Crucially, the Department is still pressing ahead with its plan to make only larger retailers, who employ more than 250 people, subject to the rules, even though it admits that the option to cover all retailers (apart from microbusinesses) would have higher net benefits. However, it reasons that “an overriding government priority is avoiding the imposition of regulatory requirements on small businesses”.
An impact assessment, published alongside the draft Parliamentary Order last month, confirms that there are no single-use plastic bags currently available that are genuinely biodegradable and all existing plastic biodegradable bags will be included in the charge.
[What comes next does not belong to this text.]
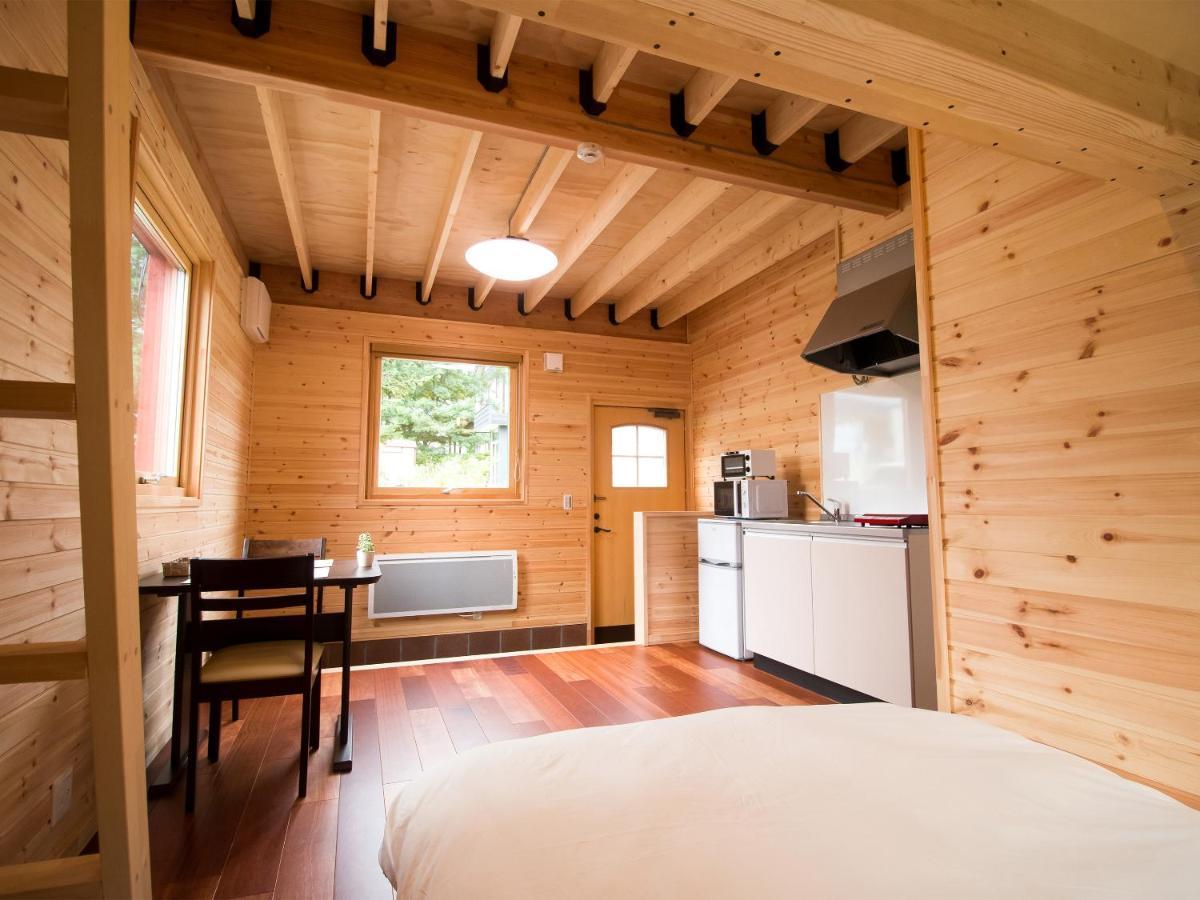 Brick House Furano Apartment Luaran gambar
"Once the development of the new standard is complete an exemption for biodegradable bags will be introduced"
The Department notes: “However, more work is to take place into the potential for using biodegradable bags and exempting them from the charge – some plastics recyclers have warned that biodegradable bags could jeopardise recycling.”
And, in its impact assessment, Defra says: “Since there will always be a need for some single-use carrier bags, Defra is promoting the development of a new standard for biodegradable bags that has fewer environmental impacts across its whole lifecycle, from production to disposal. Once the development of the new standard is complete an exemption for biodegradable bags will be introduced, but this will be covered by a separate impact assessment.”
Based on the results of these studies “we have decided to continue with a further stage of research”, the Department said, adding: “This will be looking at a promising film developed by Aquapak Polymers. This research will cost approximately £200,000 and will aim to develop the film into a prototype biodegradable bag. If this is successful, then Defra will spend approximately £180,000 more to develop ways of separating different types of waste.”
Aquapak is linked to the ADI Ltd group based in King’s Norton, Birmingham.